### WHAT TO PRODUCE
Pictures in the data should be dropped; transcribe exactly the lines from the one that has "CD John Dowland: The" through the one that has "Hoodie with Reflective".

[[ RECORDS PROVIDED, beginning ]]

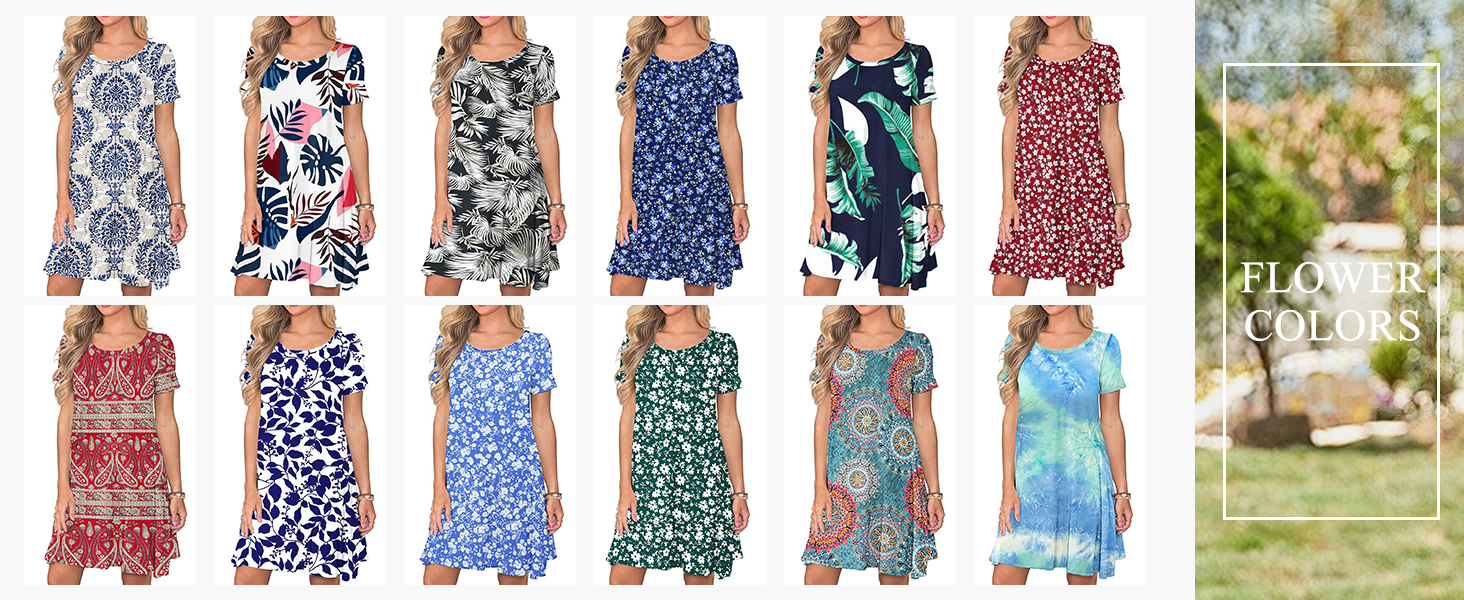 floral t-shirt dress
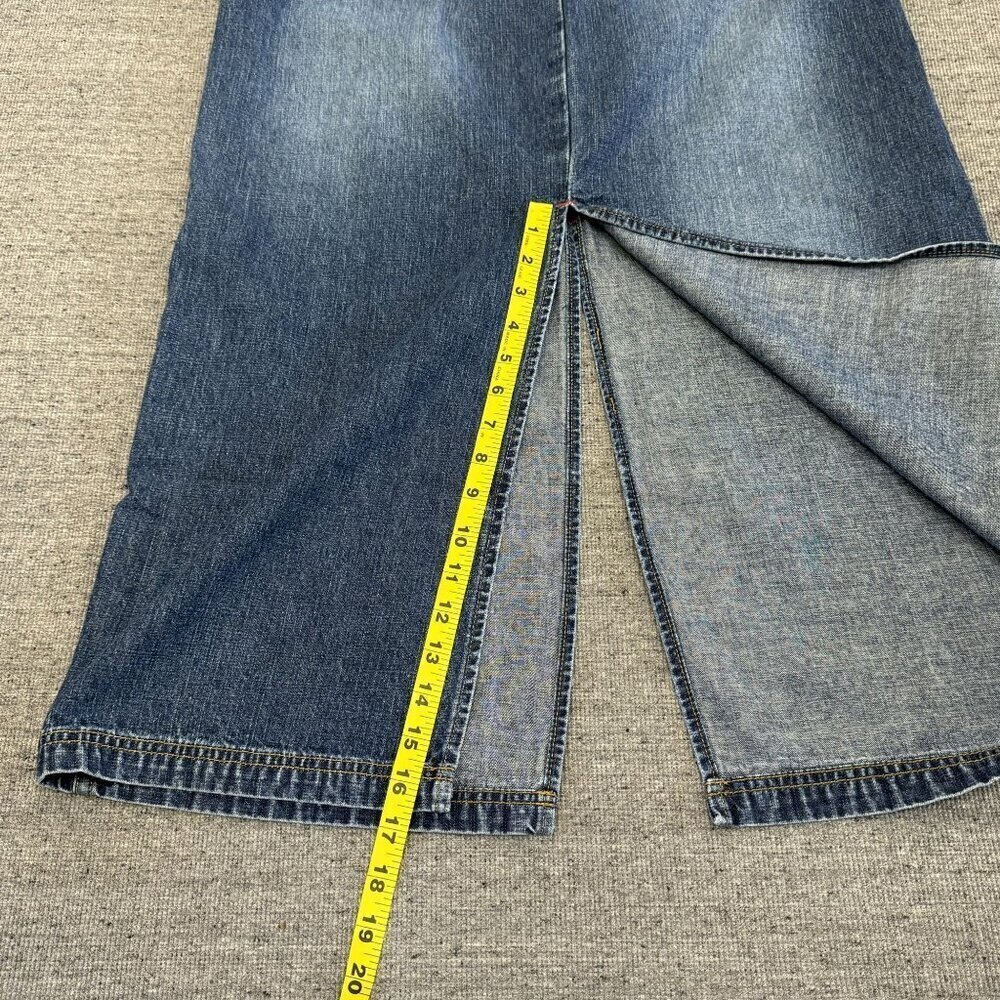 Baileys Point omen's Jeans Blues Denim Maxi Skirt Vintage Style Size 14 Waist 36 - Picture 9 of 16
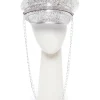 Silver Sequin Biker Hat<Party Delights New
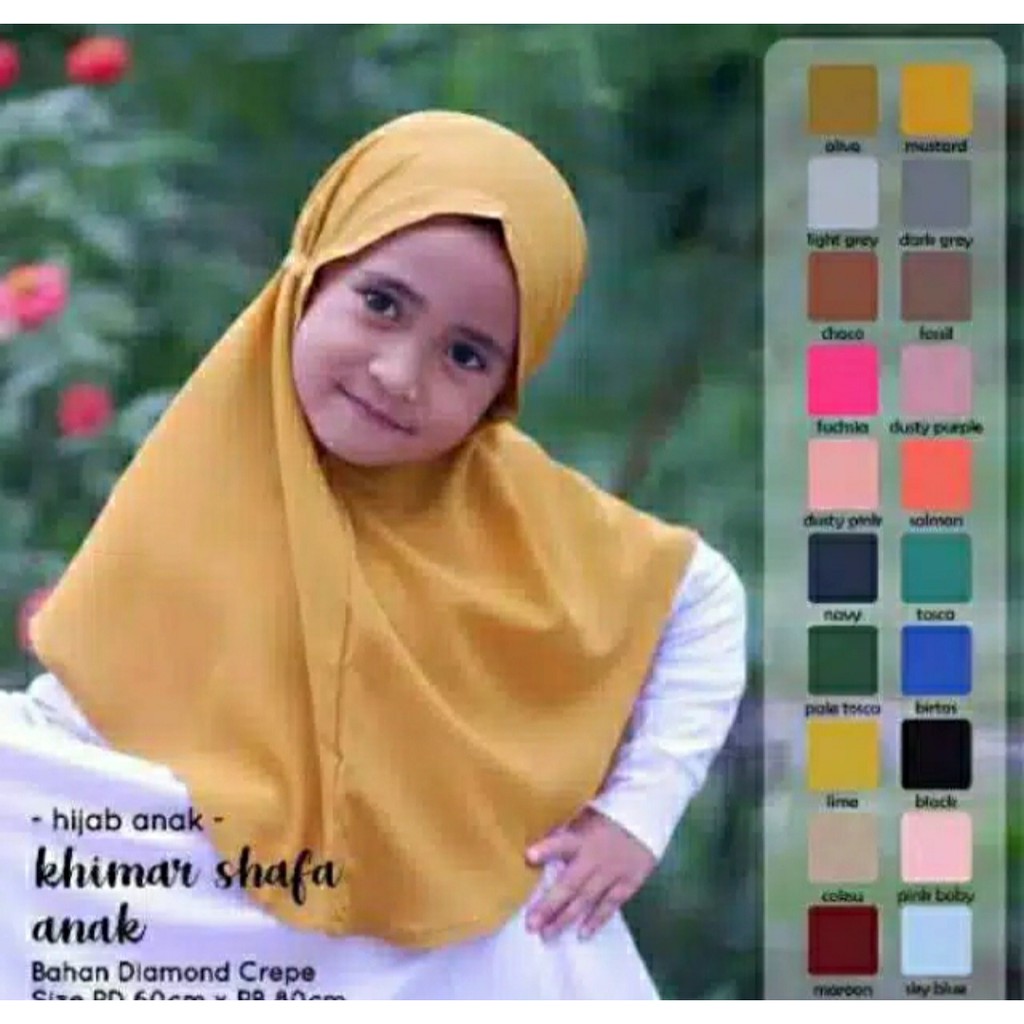 HIJAB TASYA BERGO ANAK BERGO MARYAM ANAK / JILBAB ANAK BERGO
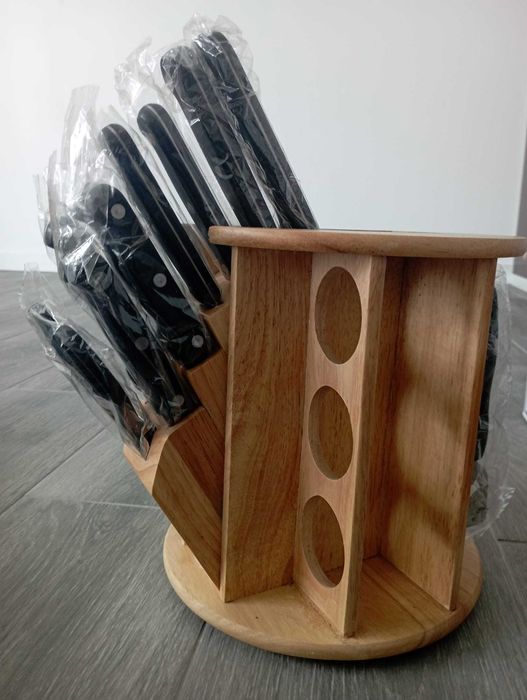 Organizador de especiarias e facas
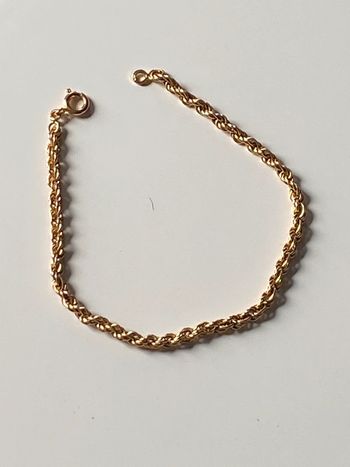 Bracelet vintage plaqué or  maille serrée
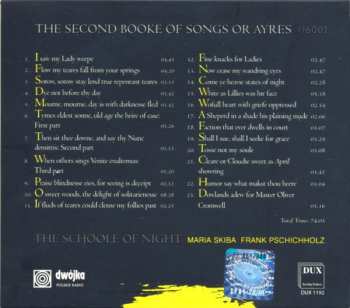 CD John Dowland: The Second Booke Of Songs Or Ayres (1600) 303249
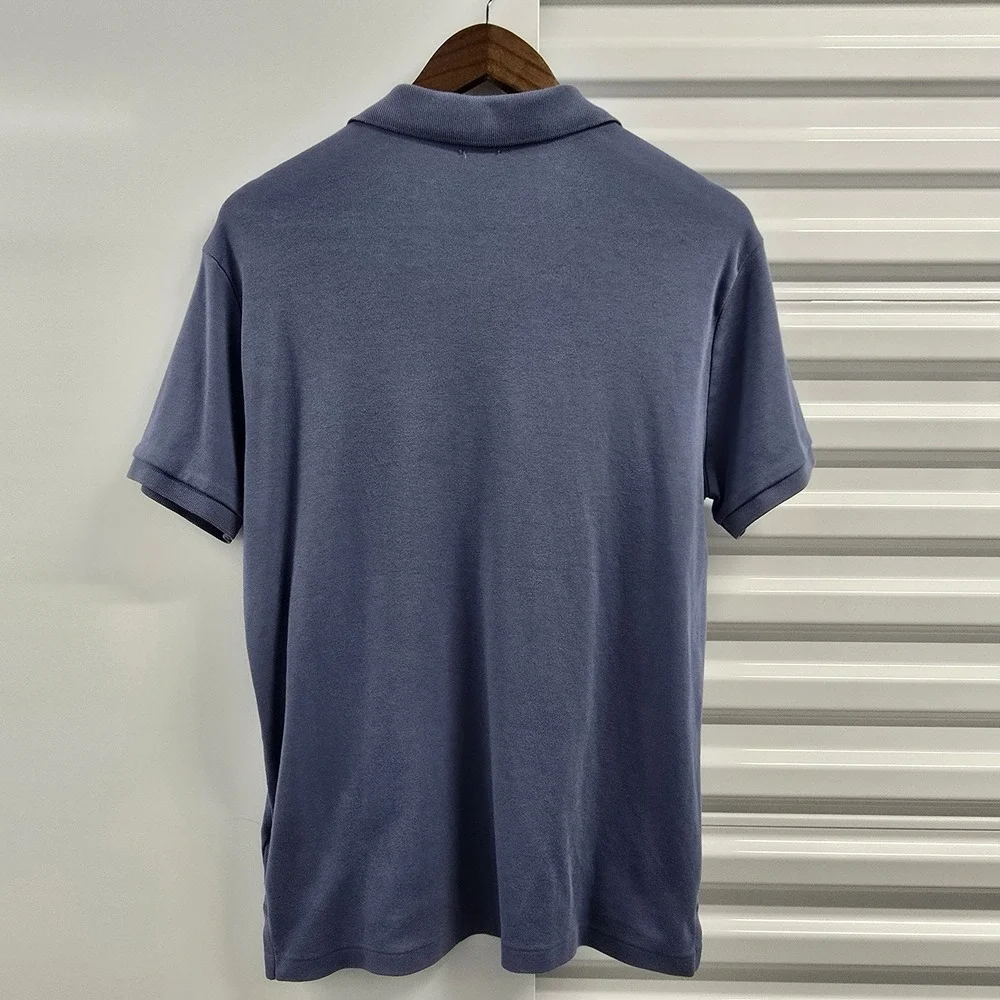 Polo Ralph Lauren Custom Slim Fit Polo Shirt Blue Men's Medium Cotton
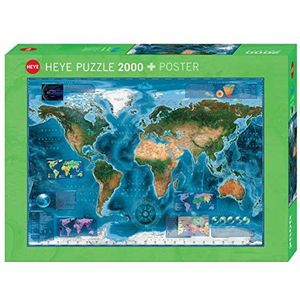 Puzzel Satellite Map 2000 Heye 29797 :: Heye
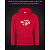 Hoodie with Reflective Print Cute Car Print - M red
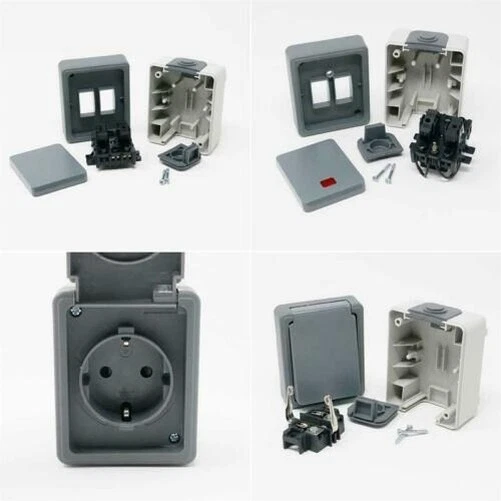 Zones Humides Commutateur de Programme " SECURE " IP44 Interrupteur & Prises 3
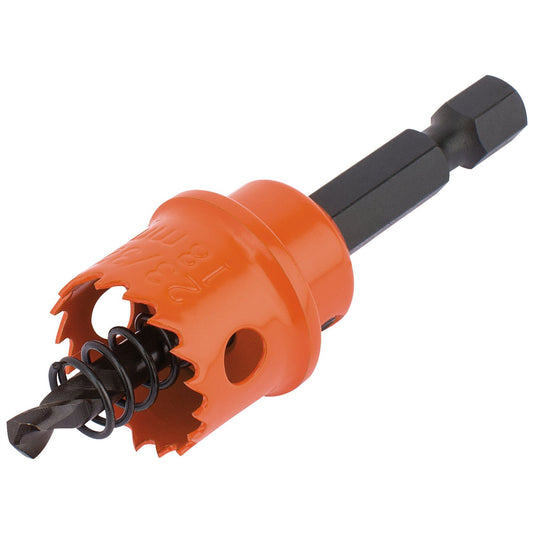 Draper 71972 Bi-Metal Hole Saw with Integrated Arbor 18mm Draper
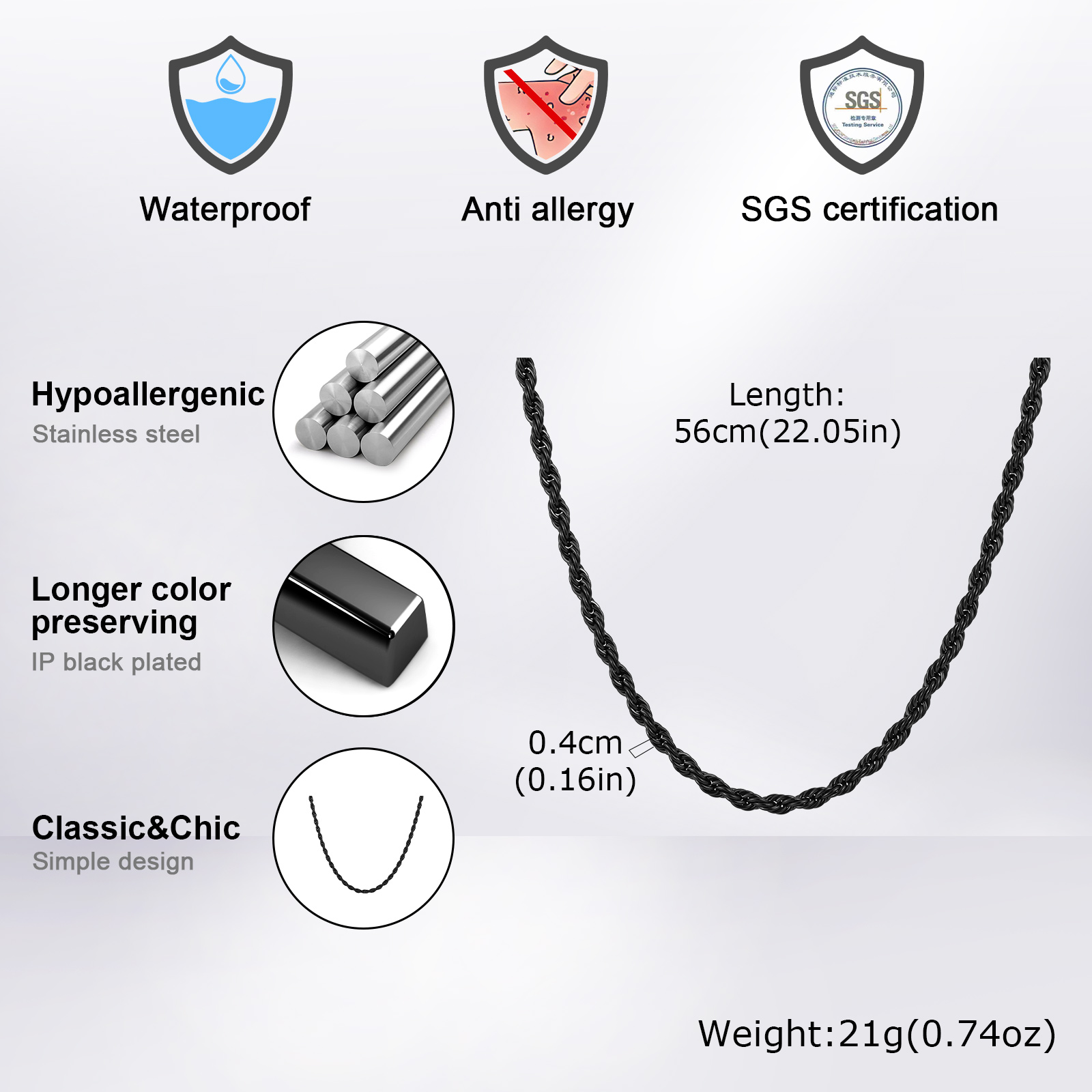 Mannen Touwen Lange Ketting Rv - Cuban Link Chain 12Mm recensie en prijs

[[ RECORDS PROVIDED, end ]]

### THE COMPLETED TASK
 CD John Dowland: The Second Booke Of Songs Or Ayres (1600) 303249
 Polo Ralph Lauren Custom Slim Fit Polo Shirt Blue Men's Medium Cotton
 Puzzel Satellite Map 2000 Heye 29797 :: Heye
 Hoodie with Reflective Print Cute Car Print - M red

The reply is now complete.